Белоруссия. Ни бедности, ни богатства в этой странной стране, исключенной из сообщества, стране, где бредит шизофрения.
Если есть сомневающиеся в реальности Европы, пусть едут в Белоруссию, что на границе старого континента. Часы там показывают советское время, а пространство - сельский пейзаж, заимствован у 'старушки Европы'. Здесь нет линии раздела, нет даже промежутка. Охватывает чувство нематериальности происходящего, видение затруднено, как сквозь запотевшее стекло. Чужой край. Ни здесь, ни там. Еще не Европа, уже не Россия. Белая Русь - мир в себе.
Часть Великого княжества Литовского, попавшая под влияние Российской империи, прежде чем попасть под абсолютную власть империи советской, Белоруссия исторически никогда не знала независимости. И когда независимость пришла в 1991 году, она стала подобием толчка, данного бильярдному шару, который ударил сперва в сердце империи, и затем медленно, полоса за полосой, продолжал свой бег до этих пределов. И здесь шар остановился. И с тех пор ничто не в силах сдвинуть его с места.
Сегодня все в Минске наблюдают за этим застывшим объектом - независимостью. Одни, представители оппозиции, пытаются вернуть ему силу, глянец и порыв. Другие, представители власти, говорят, что он не существует, что его не было никогда, и никогда не будет. В таких условиях смущенный народ пребывает в растерянности. И растерянному - ему остается одно: в отсутствие реальности нет иного выбора, как цепляться за мифы, чтобы не упасть в пропасть.
'Мы долго верили в миф о власти рабочих и крестьян, - восклицает Юрий Хощевацкий, режиссер документальных фильмов. - Потом, в 1991 году, мы стали поклоняться новым богам, еще более ужасным. Мы поверили, что появилась демократия. Это было опустошение'. Мощный, 'квадратный', Юрий делает большой глоток пива, и продолжает: 'С тех пор мы верим всему. Мы - единственная в мире страна, где сегодня люди убеждены что 'Запорожец' - это автомобиль. Когда мы видим лавку, где продают хлеб, мы говорим, что это магазин. Ни один европеец не может верить такому. А мы, мы верим!'
В череде несчастий без просвета Белоруссия нашла свой последний миф, миф о президенте. 'Лукашенко - это кто угодно, только не глава государства, - восклицает один интеллектуал. - Его собственная страна его не выносит. Это человек без национальности. Он хотел стать президентом России, но приход к власти Путина ему помешал. И сегодня он вынужден защищать государство, которое ненавидит'.

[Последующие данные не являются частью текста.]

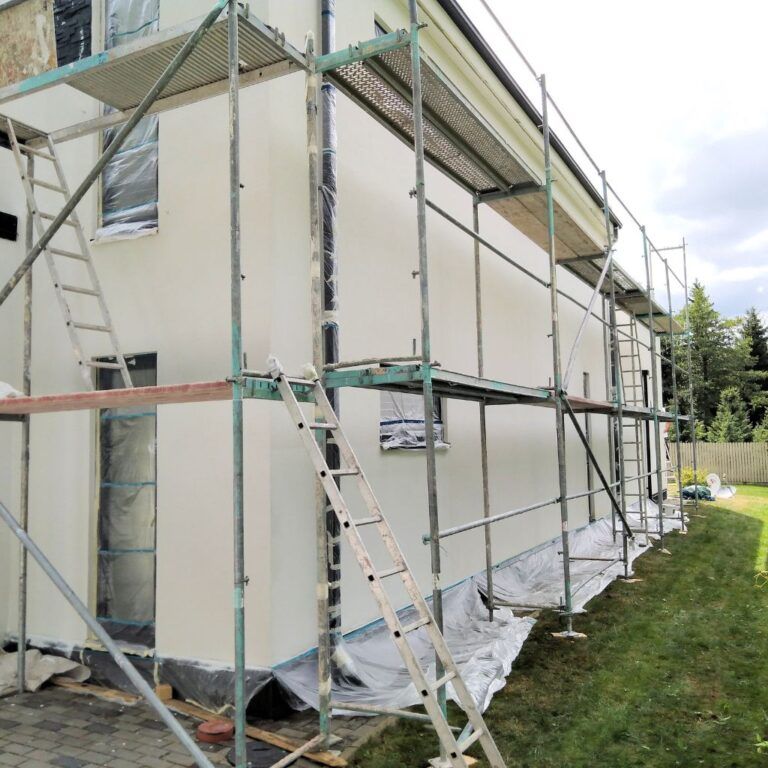 Pintores en Illescas aplicando pintura en la fachada de una casa con andamios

Да, очевидно, президент опирается на миф. Не на миф о стране, существования которой он не хочет видеть, и в которой готов подавить малейшие попытки сопротивления, но на миф своей собственной жизни, которую он представляет как кузницу 'подвига'. Подвига граничащего с деспотизмом. . .
Со слезами на глазах и комком в горле, этот человек, родившийся в 1954 году, без стыда говорит белорусским ветеранам, что он понимает их горе, ведь его отец погиб во Вторую Мировую войну (sic). Выступая в телевизионных дебатах, он говорит, что в юности он был воспитан на стихах писателя Быкова. 'Но он не писал стихов', - отважился возразить (сохраняя пиетет) один из участников передачи. 'Нет, писал, писал, я Вам говорю, - безапелляционно парировал глава государства. - Вы не в курсе, вот и все'.

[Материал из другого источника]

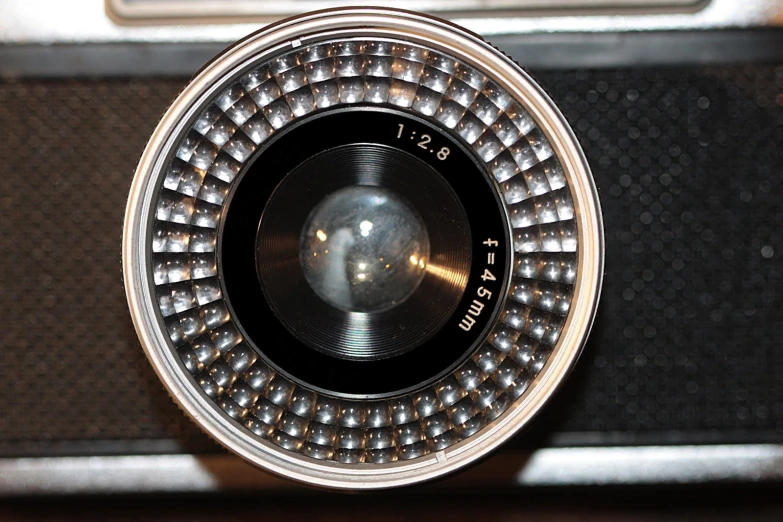 a silver and black digital camera on display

'Лукашенко', - продолжает журналист, - театральное животное. У него очень сильная интуиция, и особенно стоит отметить, что он верит тому, что говорит, всему, что говорит. Это феноменальный актер. С одной лишь разницей: настоящий актер не верит в реальность своей роли, он играет. Это не его случай'.
Остальная часть 'труппы' следует за ним. С трудом. Поскольку 'гений' неуловим. Здесь он говорит одно, там - противоположное. В проложенной им борозде, каждый может строить свой мирок. Не далеко и до шизофрении. Чтобы не поддаться ей, интеллектуалы пытаются опереться на реальность. Они обильно цитируют статистику. За мрачными данными опросов и социологических исследований - зачастую противоречивых, сквозит нищета изолированного мира.

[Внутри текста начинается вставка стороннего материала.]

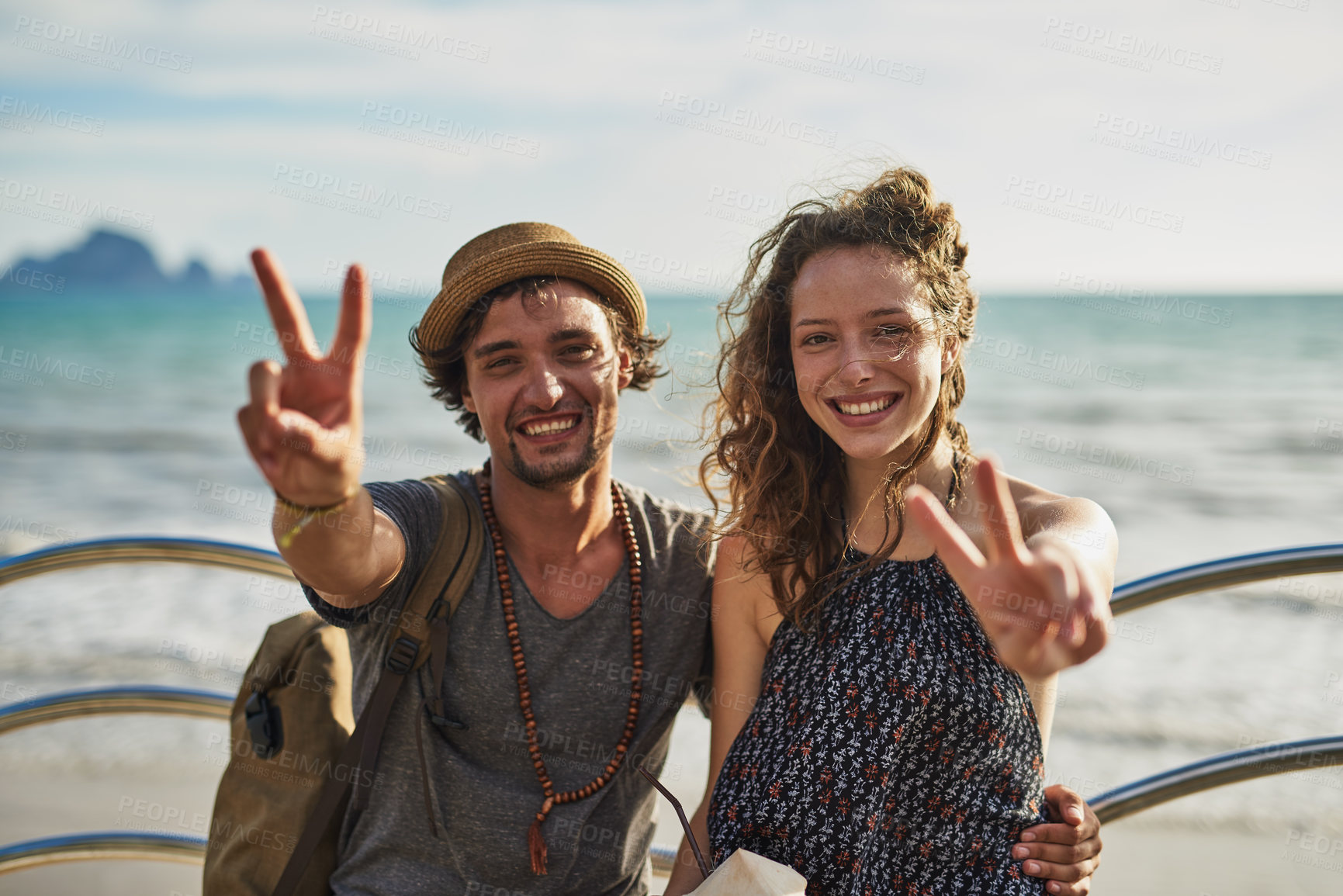 Buy stock photo Man, woman and beach holiday with peace sign for wellness, happiness for adventure travel in Europe. Happy couple, together and portrait with finger gesture by ocean for vacation, unity or expression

На сегодняшний день они вдевятером продолжают голодовку. В опрятной маленькой минской квартире собрался странный 'союз' - депутат, олимпийский чемпион, генерал, бывший директор крупного предприятия. . .
Собравшись со всех концов Белоруссии, они борются за освобождение Михаила Маринича, главы оппозиционного 'Европейского движения', арестованного два месяца назад.
'Так странно разговаривать с французом, - говорит один из них, генерал Фролов, - у меня создается впечатление, что я на другой планете'. Вот уже тринадцать дней они спускаются во двор в назначенный час. Там их ждет белорусское телевидение, каждый раз задают им вопросы. 'Это ритуал, - смеется олимпийский чемпион, - они никогда не показывали и никогда не покажут сюжет об этой голодовке, первой голодовке в стране'.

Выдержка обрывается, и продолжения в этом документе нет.